Comedy De Luxe night 4
The sold-out house for the exquisitely sardonic Simon Evans at week four of Comedy De Luxe witnessed a competent, if inconsistent, line-up of newer acts for their first-half appetizers.
First up was David Hannant, who’d seen a sign advertising ‘baby massage’, which set off his mind as to what this might be. You might have some ideas yourself, and many of them could well be the same as what Hannant came up with in this textbook-exercise way of writing observational stand-up. The final pay-off evoked a funny image, and he’s affable enough, but the writing here isn’t much of a stretch.

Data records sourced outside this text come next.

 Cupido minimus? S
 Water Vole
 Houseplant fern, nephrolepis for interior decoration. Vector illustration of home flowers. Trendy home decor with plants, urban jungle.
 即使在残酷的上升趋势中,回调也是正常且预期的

Nevertheless, his routine about explicit texting was stronger, and struck a chord – especially in some embarrassed quarters of the audience – by exposing the inherent ridiculousness of the practice. It’s a simple idea, but nicely drawn out, aside from the redundant introduction of a ‘what would cavemen think...’ line
Cheeky chappy Jimmy Bird has the patter, but his gags are decidedly hit and miss. There are nicely self-effacing fantasies about being a Brighton beach lifeguard or getting carried away on a paintballing trip, but when the setting shifts to urban Brixton, the joke is a lot more obvious. And some segments, about his family’s Christmas gifts or his sausage dog, are convoluted for little reward. He’s got a an unnaturally deliberate pacing, which seems a bit forced, and, like Hannant before him, his personality doesn’t shine through enough to make the reasonable material stand out.
Adam Race makes a lot of puns about his surname. But then he makes a lot of puns, full stop. He over-sells them all, trying to make a virtue of their cheesy nature, but he’s no Nick Helm in that respect, lacking the uber-confidence that his delivery is striving for. There are some decent gags among the more tortured efforts, and even has a decent take on the ‘celebrity I look like’ shtick, but he’s a little too erratic at the moment.

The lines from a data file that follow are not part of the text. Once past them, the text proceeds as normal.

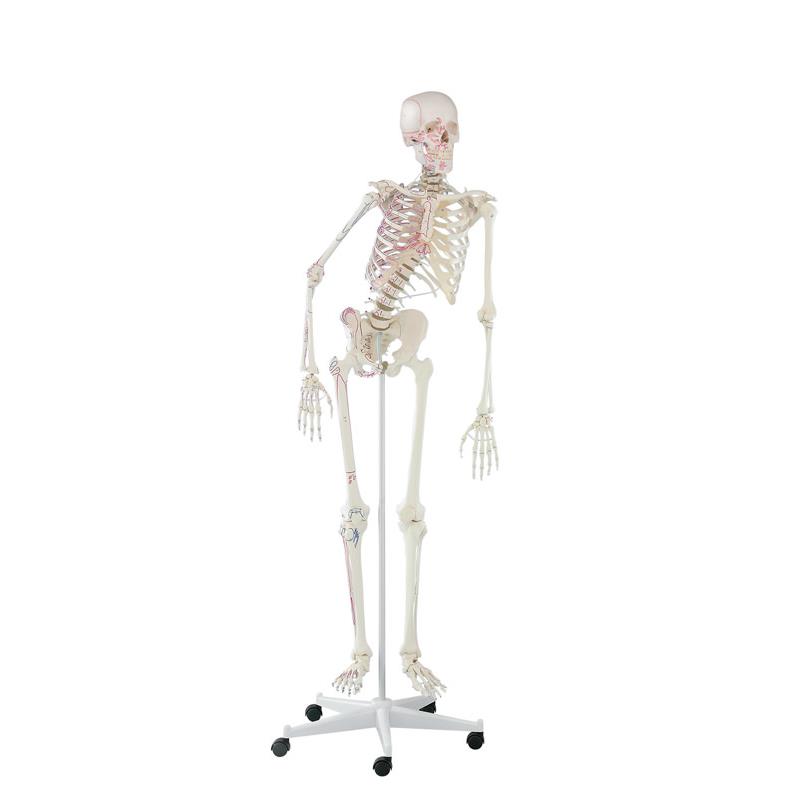 Esqueleto “Peter” con columna vertebral articulada y marcas musculares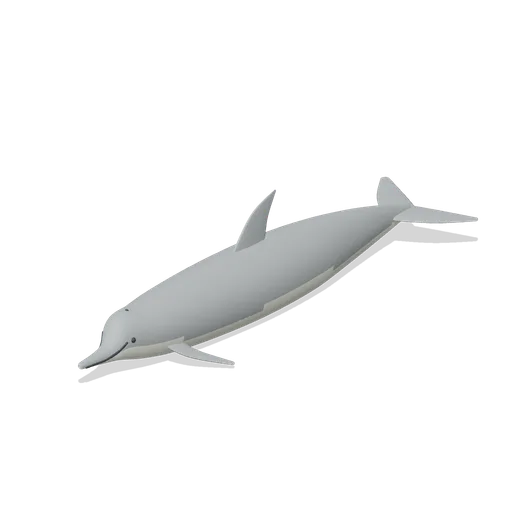 bottlenose dolphin (Ocean Giants: Whales, Dolphins, Sharks and Reef Life)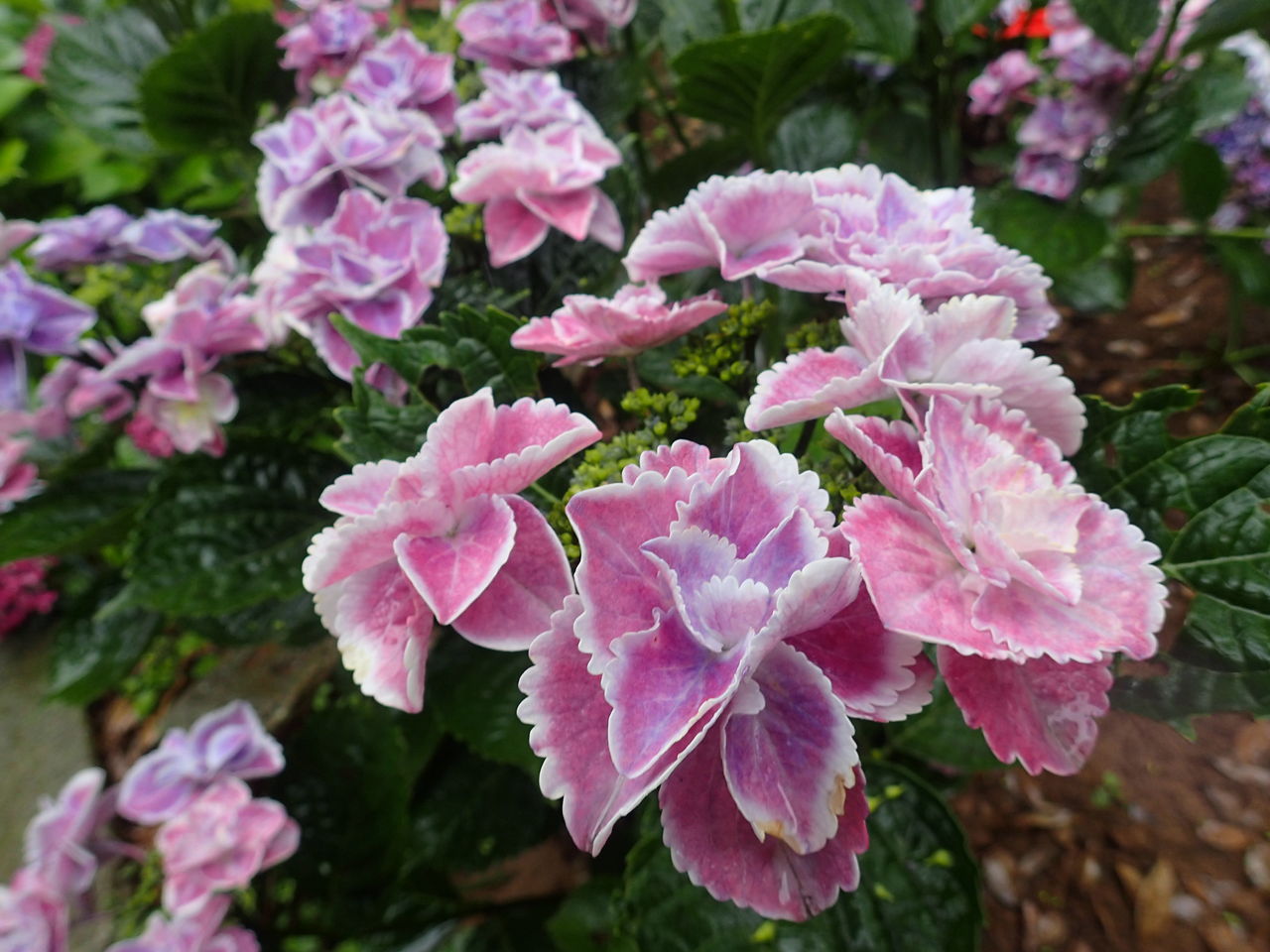 やっぱり雨の日は紫陽花 彡 ぷち登山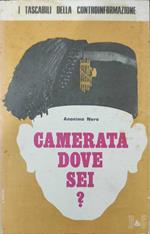 Camerata dove sei?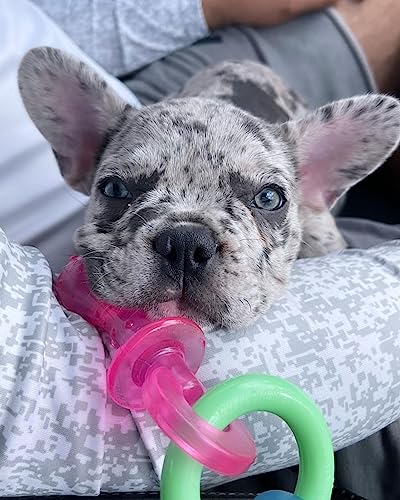 Nylabone Puppy Pacifier Chew Toy, Teething Toys for Puppies, Bacon Flavor, Small - Up to 25 lbs, 1 Count - color: Pacifier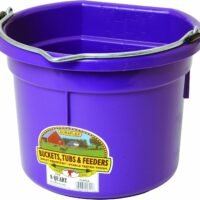 Little Giant Plastic Animal Feed Bucket Purple Flat Back Plastic Feed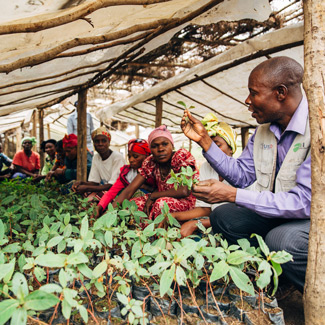 man showing planted crops to group of people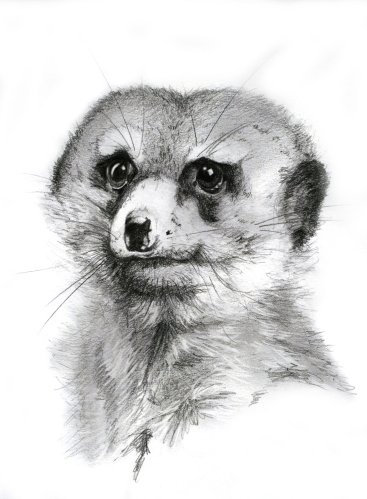 pencil_pastel_bw_meerkat_wildlife_study_gemporium_multimediaschitzophrenics.jpg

Nicholas Cooke is an unusual act; using his time to string out one long and convoluted shaggy-dog tale about being kidnapped in – or by – Ikea. For seemingly endless minutes, he goes without a laugh, yet he has the storytelling chops to have the audience hanging on his every word. Then an occasional word or phrase will tickle, and provide the laugh break. It is more of a witty spoken-word performance than out-and-out comedy, but he certainly has great command of the room.
Star of the first half was undoubtedly the charmingly ironic Tom Toal. T-Squared, as he calls himself in one of several supposedly hip third-person nicknames, has a quirky outlook and the gags to match. This quarter-Polish comic is softly endearing – enough to be able to get away with the story of a ‘barely legal’ girlfriend without it sounding creepy – and he has a fine sense of comic timing and rhythm, with one especially well-judged line causing a well-deserved eruption of laughter. The T-Dog is certainly one of the most promising of today’s emerging comics.